Через несколько дней я оформил свое поступление в Брюссельский свободный университет на исторический факультет. До начала занятий оставалось уже мало времени, и я принял решение выехать в Швейцарию, как мне советовал Отто. По его же рекомендации я посетил туристическую фирму «Американ экспресс» («American Express») и попросил, чтобы для меня составили план туристической поездки в эту страну в целях ознакомления с ее историей и достопримечательностями. Я указал беседовавшему со мной представителю фирмы, что хотел бы пробыть в Швейцарии порядка 15–20 дней. Служащий туристической конторы попросил меня заглянуть в бюро на следующий день, чтобы окончательно согласовать предлагаемый план путешествия. При ознакомлении с планом я почти не сделал никаких замечаний. Мне все очень понравилось. Меня удивила точность, с которой он был составлен. В нем предусматривалось все, вплоть до мелочей. Так, например, помимо того что были уже точно определены места в поезде для поездки в Швейцарию и возвращения из нее в Париж, предусматривались талоны на питание в поезде. По прибытии на первую остановку в Швейцарии в Цюрихе указывалась не только гостиница, предоставляющая номер и питание своему постояльцу, но и автомашина с представителем для встречи на вокзале. Были предусмотрены экскурсии, концерты.

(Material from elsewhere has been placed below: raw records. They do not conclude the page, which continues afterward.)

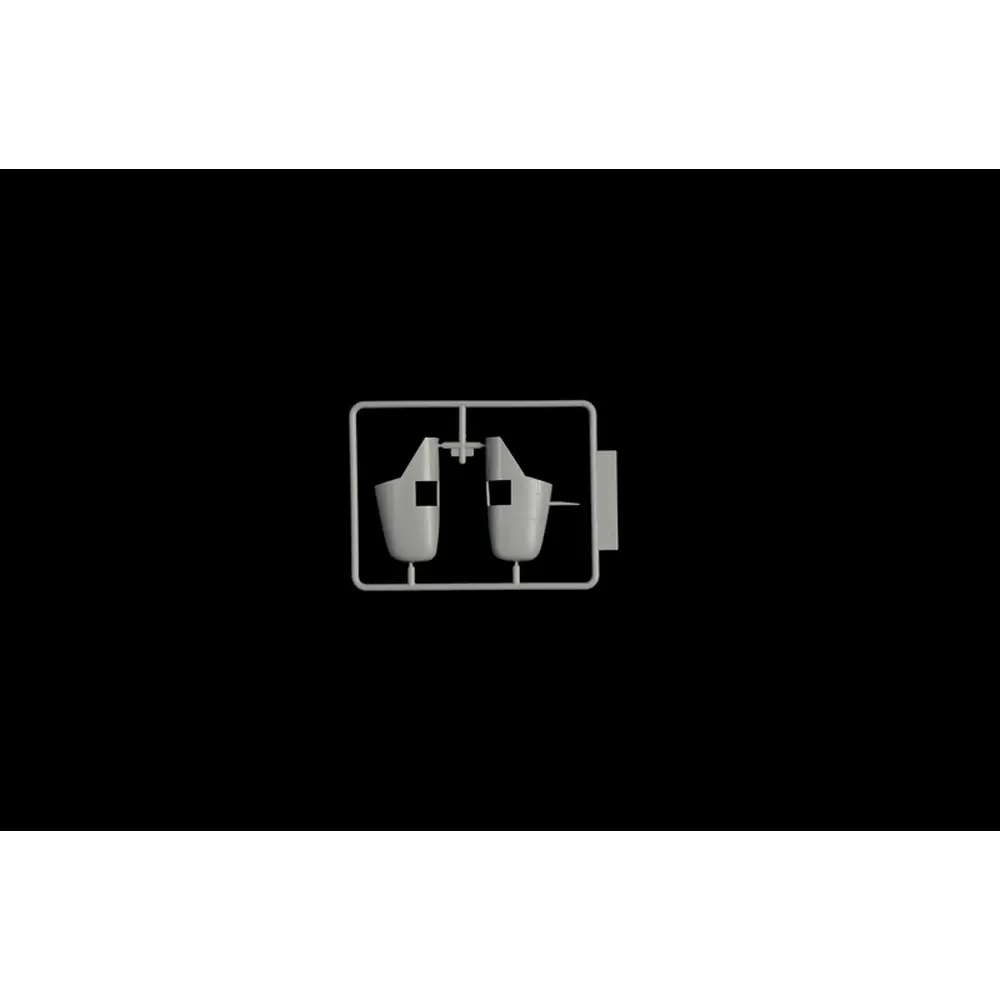 Avion P-38 J Lightning - Italeri 2834 - 1/48 - 14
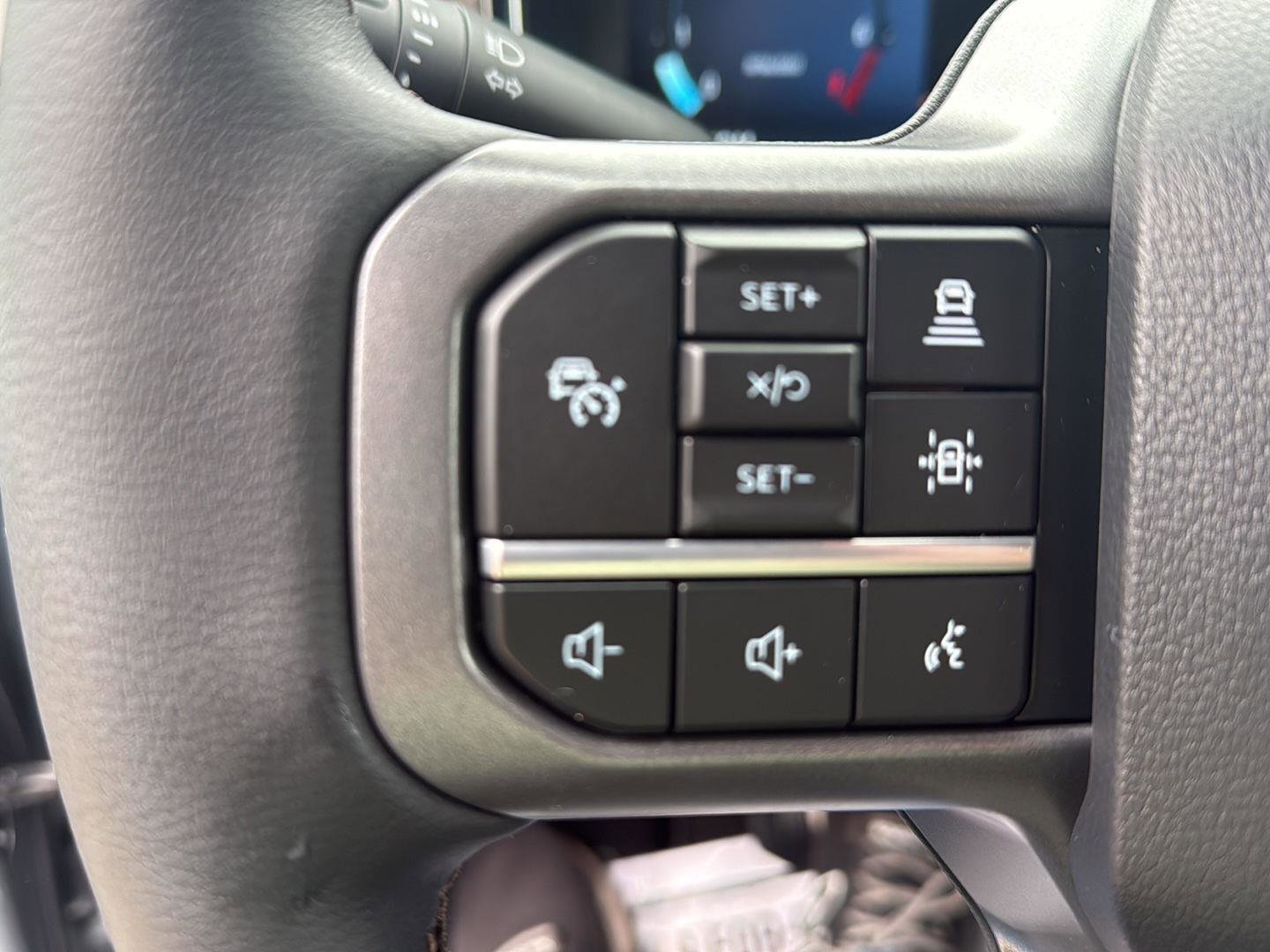 New 2026 Ford F150 Lariat w/ Equipment Group 501A Mid image 16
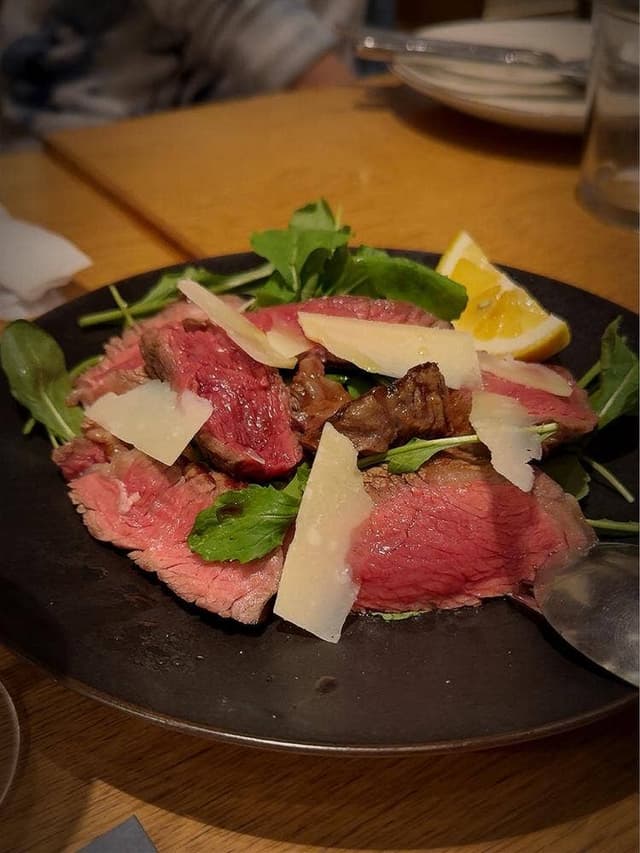 オービカ モッツァレラバー 横浜店 - サブ画像1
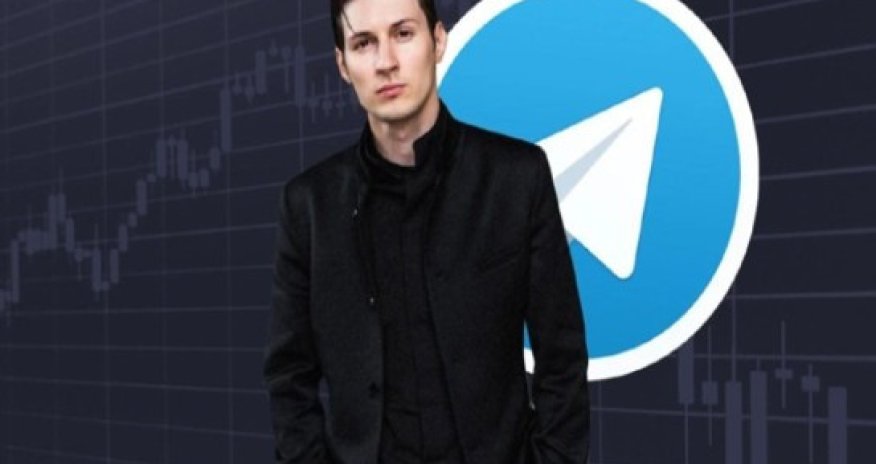 Pavel Durov Nobel mükafatına namizəd olub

Одним словом, все было заранее предусмотрено.
Все это меня приятно удивило. Когда же я действительно прибыл в Цюрих и меня встретили на вокзале, то мое удивление было еще больше. Встречающий не разрешил мне, гостю, несмотря на мою молодость, нести мой небольшой чемодан. Он взял его, донес до автомашины, а затем, по приезде, вынес из нее и внес в вестибюль гостиницы. Я понял, что бюро путешествий не только забронировало для меня номер, но и сообщило гостинице номер моего вагона и занимаемое место.

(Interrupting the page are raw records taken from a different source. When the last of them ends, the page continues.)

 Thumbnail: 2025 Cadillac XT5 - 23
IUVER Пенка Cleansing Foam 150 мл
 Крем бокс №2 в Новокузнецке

Я получил в туристической фирме расписание-план моего пребывания в Швейцарии, в котором предусматривалась цена всех намеченных мероприятий. Был подведен итог, оплата должна была быть произведена непосредственно в конторе фирмы. Больше того, клерк предложил в целях предосторожности не брать с собой деньги, а приобрести на желаемую мною сумму специальные чеки фирмы «Американ экспресс» в долларах любого достоинства. Естественно, я согласился, и мне тут же выдали формуляр, в котором я должен проставить размер купюр и их количество: можно было подобрать купюры в 5, 10, 25, 50 и более долларов. Эти чеки-купюры долларового значения с подписью их владельца принимались почти во всех странах всеми учреждениями, а не только банками. При этом они обменивались на местные деньги по действующему в данной стране курсу доллара. Это было действительно очень удобно, правда, иногда при размене крупных купюр могли попросить паспорт и обложку, в которой были подшиты чеки, с подписью их владельца, что было весьма редко. В дальнейшем я узнал, что аналогичные чековые книжки существовали и в английской туристической фирме «Кука» («Cook»). Иногда я стал пользоваться и ими.

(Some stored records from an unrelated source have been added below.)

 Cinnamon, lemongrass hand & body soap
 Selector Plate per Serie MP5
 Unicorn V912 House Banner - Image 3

В Швейцарии мне довелось побывать дважды. Первый раз – в качестве туриста до начала Второй мировой войны, а второй – перед самым началом вторжения фашистской армии в Бельгию, Нидерланды и Люксембург, а затем и во Францию, то есть в марте-апреле 1940 г.
Первая поездка была чисто туристической, в поддержку легализации проживания в Бельгии, а вторая – по заданию «Центра» в уже обострившейся обстановке в Европе после начала Второй мировой войны.
Итак, первый город, с которым я познакомился в 1939 г., был Цюрих, центр северного, наиболее развитого промышленного района немецкой Швейцарии. Экскурсовод подчеркнул, что город по праву всеми признается «столицей» промышленности и финансов страны.
В Цюрихе я успел побывать в драматическом театре, в Национальном музее Швейцарии и в картинной галерее – «Кунстхаузе». Экскурсовод препроводил нас на верхушку Гроссмюнстера, построенного еще в XIII в. С этой вершины мы смогли наблюдать панораму города, озера и даже вдали вершины гор, покрытые снегом.
В Цюрихе я не задержался долго, а направился в Женеву. Мне почему-то казалось, что именно Женева является столицей Швейцарии, но вскоре я был вынужден признать свою ошибку, узнав, что столицей является Берн. Я пожалел, что не предусмотрел его посещение.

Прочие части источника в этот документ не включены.